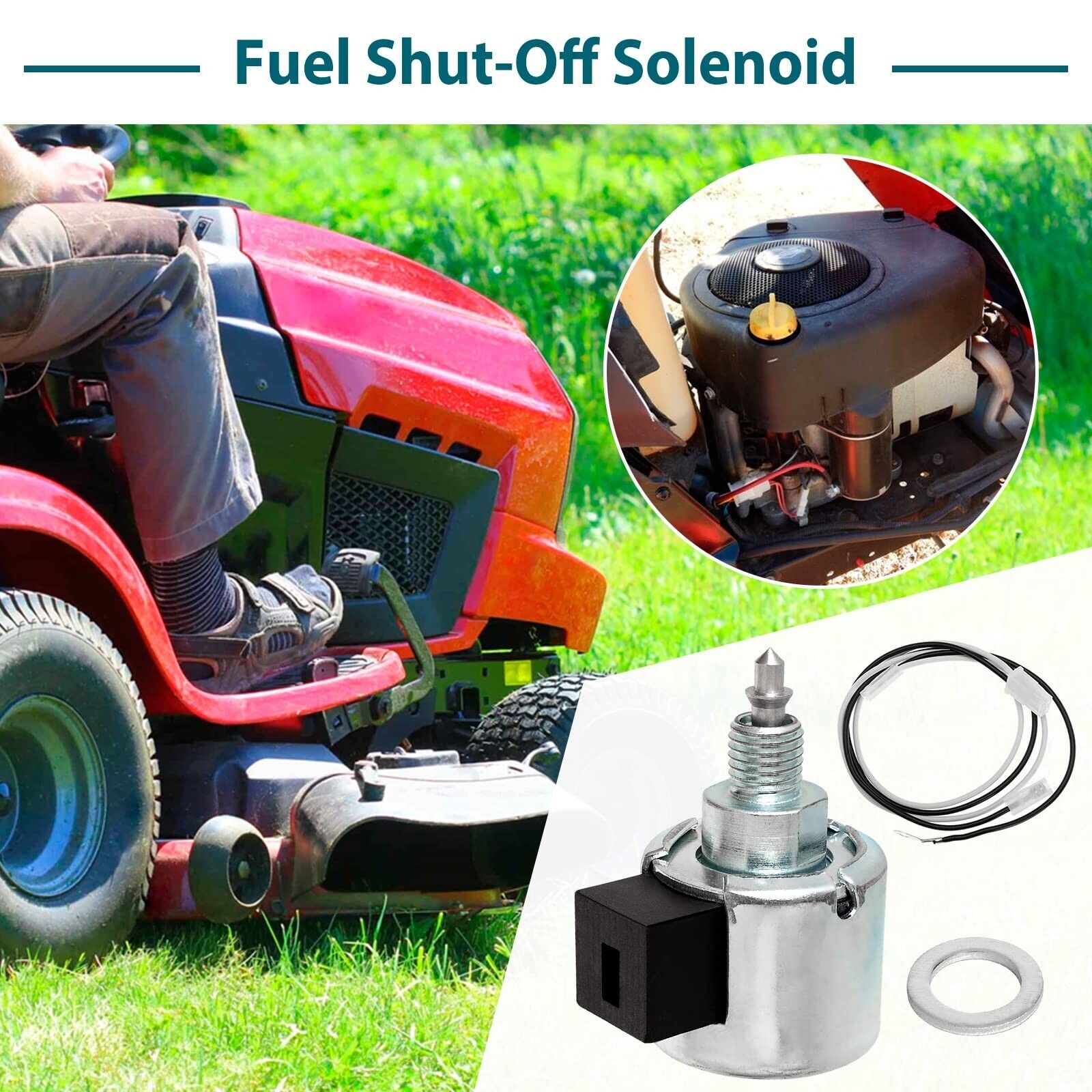 846639 Fuel Shut-Off Solenoid for Briggs&Stratton John Deere Husqvarna Engine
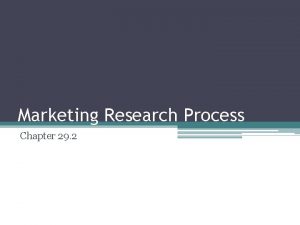 Marketing Research Process Chapter 29 2 The Marketing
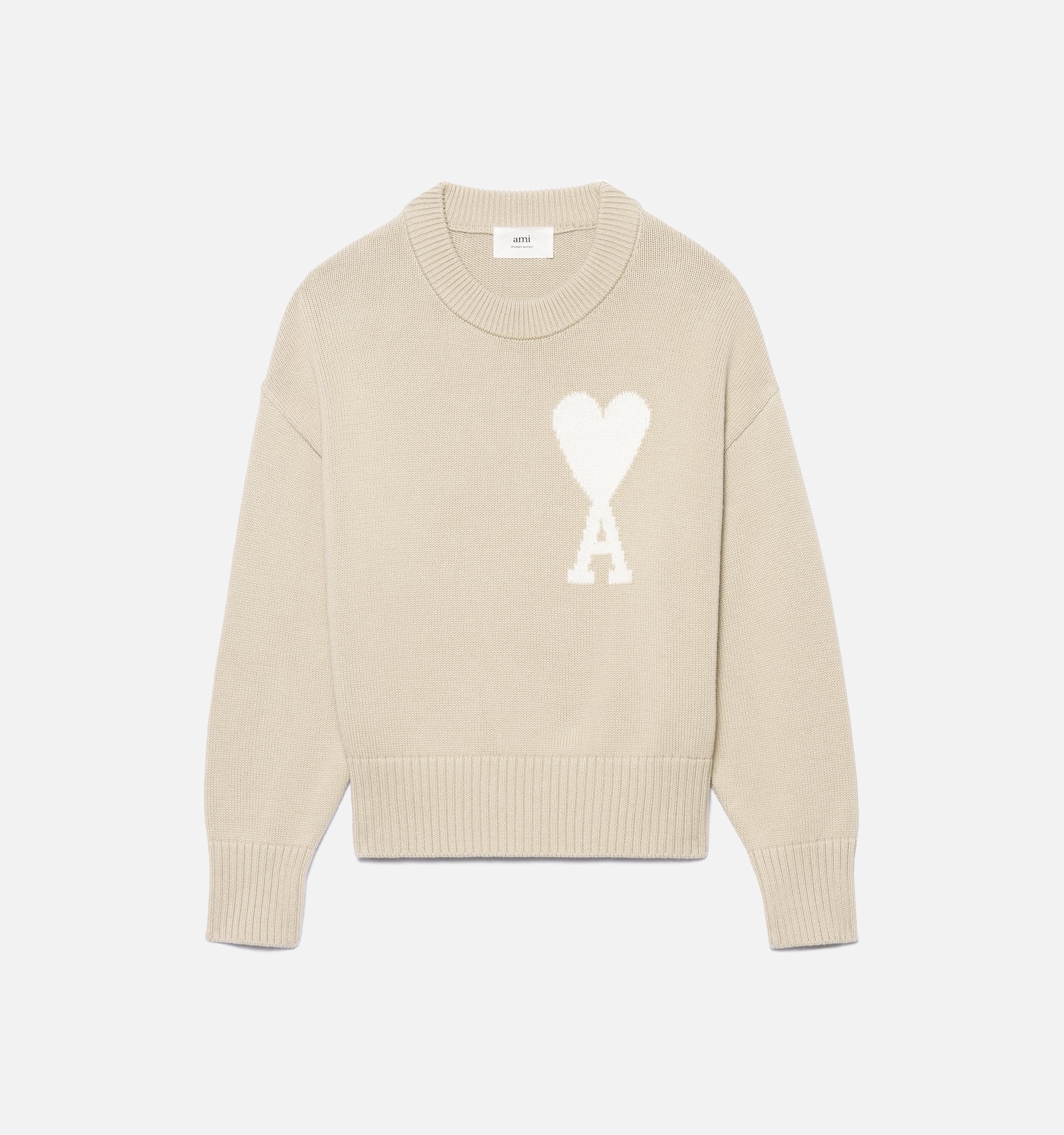Ami De Coeur Crewneck Sweater Beige - Main Image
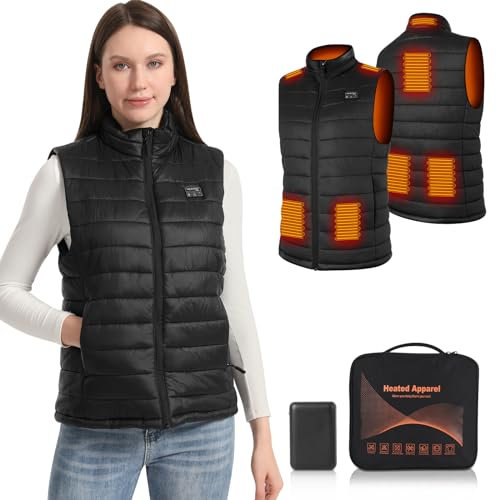 Amiable Heated Vest for Women, Heated Gilet Womens with Battery, Heated Jacket Electric Heated Body Warmer for Women, 8 Heating Zone 3 Heating Setting Heated Clothing for Outdoor Skiing - XL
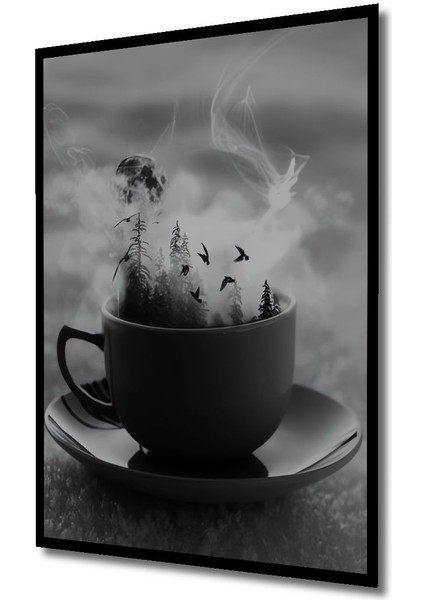 Dekoratif Dikey Fincandaki Orman Sürreal Sanat Duvar Tablo Ahşap Dikdörtgen Tablo indirimleri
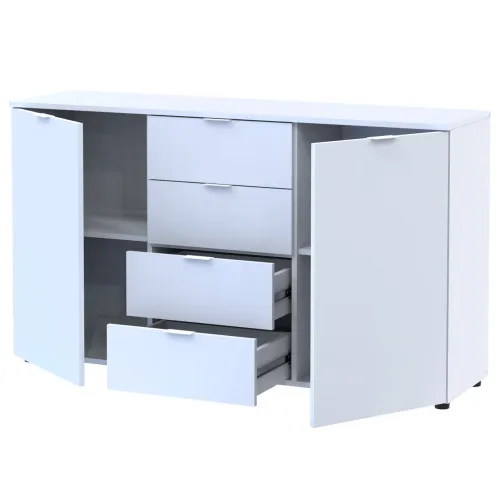 Комод Doros Рон 5 Белый 2 фасада 4 шухляды 140х38х81 (44900223)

━━━━━━━━━━━━━━━━━━━━━━━━━━━━━━

=== Task instructions ===
With pictures left out, repeat exactly the lines from the line bearing "Ami De Coeur" through the final line of the records above.

=== Response to the exercise ===
Ami De Coeur Crewneck Sweater Beige - Main Image
 Amiable Heated Vest for Women, Heated Gilet Womens with Battery, Heated Jacket Electric Heated Body Warmer for Women, 8 Heating Zone 3 Heating Setting Heated Clothing for Outdoor Skiing - XL
 Dekoratif Dikey Fincandaki Orman Sürreal Sanat Duvar Tablo Ahşap Dikdörtgen Tablo indirimleri
 Комод Doros Рон 5 Белый 2 фасада 4 шухляды 140х38х81 (44900223)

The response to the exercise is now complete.